In our experience of ELB/SQS, AWS has done a good job on these services. A few things we noted:
- ELB takes about ~15 minutes to scale out completely when you hit traffic spikes.
- SQS is simple to use, rather cost-effective and quite reliable. It will add a bit of latency, but as the author notes, this can't replace Kinesis.
- The redrive policy on SQS is really nice to catch corner cases.
> It seems to have a problem with handling more than 2.3K message insert/sec.
We've written to SQS at rates several times this using only 3 EC2 nodes without issue.
The only issue we have seen is occasional and sporadic latency issues reading from SQS which causes the queues to backup a bit but it generally clears within 30 minutes or so.

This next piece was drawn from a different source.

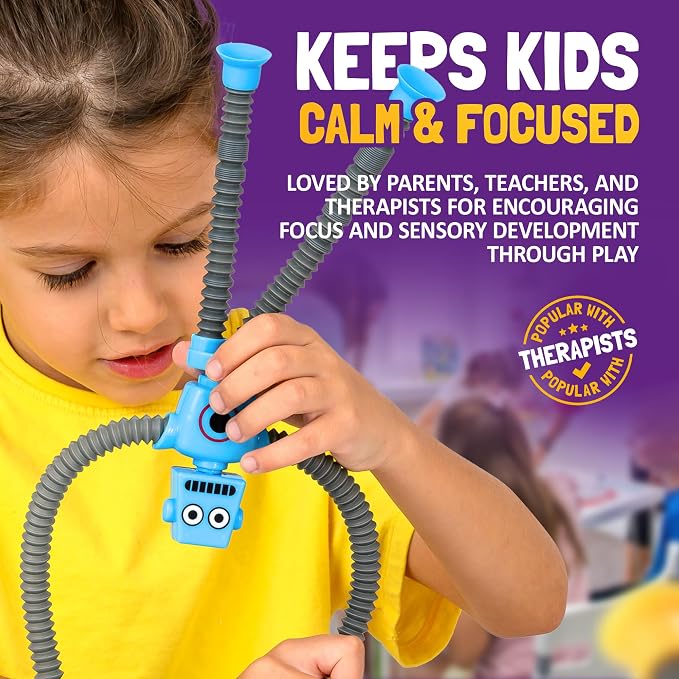 nutty toys Sensory Robot Toys 4pk - Top Pop Tubes Fidget 2026 for ADHD & Autism Ages 3 4 5 6 7 8 9 10 11 12, Best Kids Travel Idea, Unique Christmas Toddler & Tween Gift Idea & Boy Stocking Stuffers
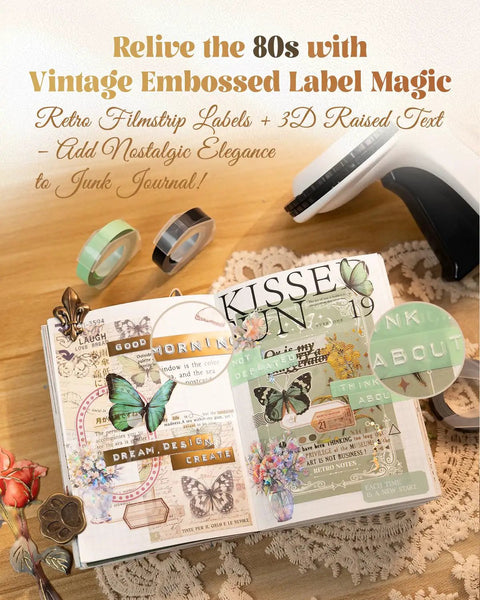 Totally Legit 3D Embossing Label Maker And Hella Sweet Scrapbook Junk Journal Supplies Kit Kickin Retro Style in use for nostalgic journaling.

Really good write and useful for a project I am working on!
> It's cost effective and reliable.
It is neither of those things. My tests with different SDKs have ruled out SQS (which we basically benchmark monthly).

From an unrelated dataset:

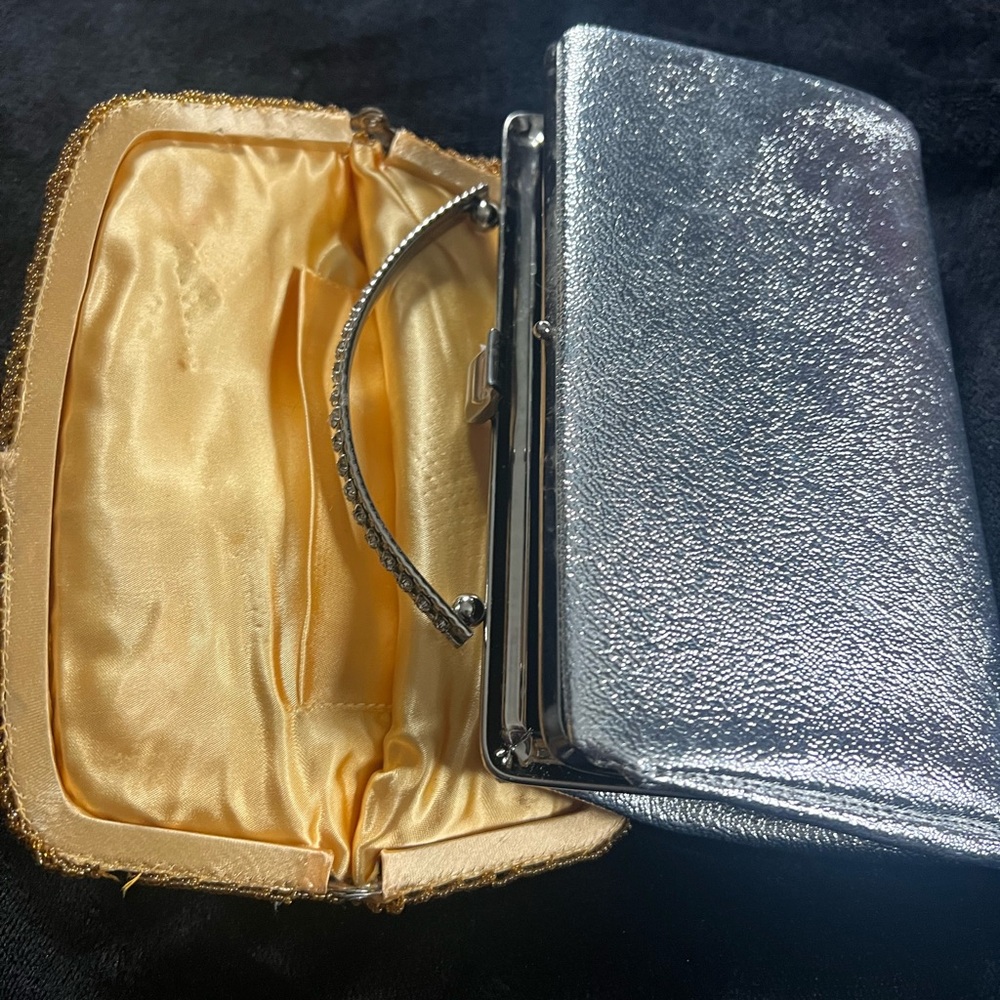 Silver Metallic Evening Clutch with Gold Satin Interior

You would do much better with a ZeroMQ+Redis custom solution (over 100k msgs/sec) or RabbitMQ or pretty much anything else. These SQS numbers are embarrassingly bad. At any scale, it's expensive and subject to strange IO spikes. Just don't use it (which is a broad statement) unless you really need to tie-in to something like Lamda (processing pipeline that can be fed from SQS). Even then, it's not cost effective.
There's some confusion in this post about the testing methodology vs. the implementation of SQS itself.
SQS itself may well be implemented on EC2 instances with auto-scaling (though I doubt it), but that's irrelevant to the test harness, which needs to scale out the number of nodes pounding on SQS.
The important bit is that SQS doesn't exhibit any of the scaling bumpiness of ASGs. It's a region-wide service, which you'd be very lucky to break on your own.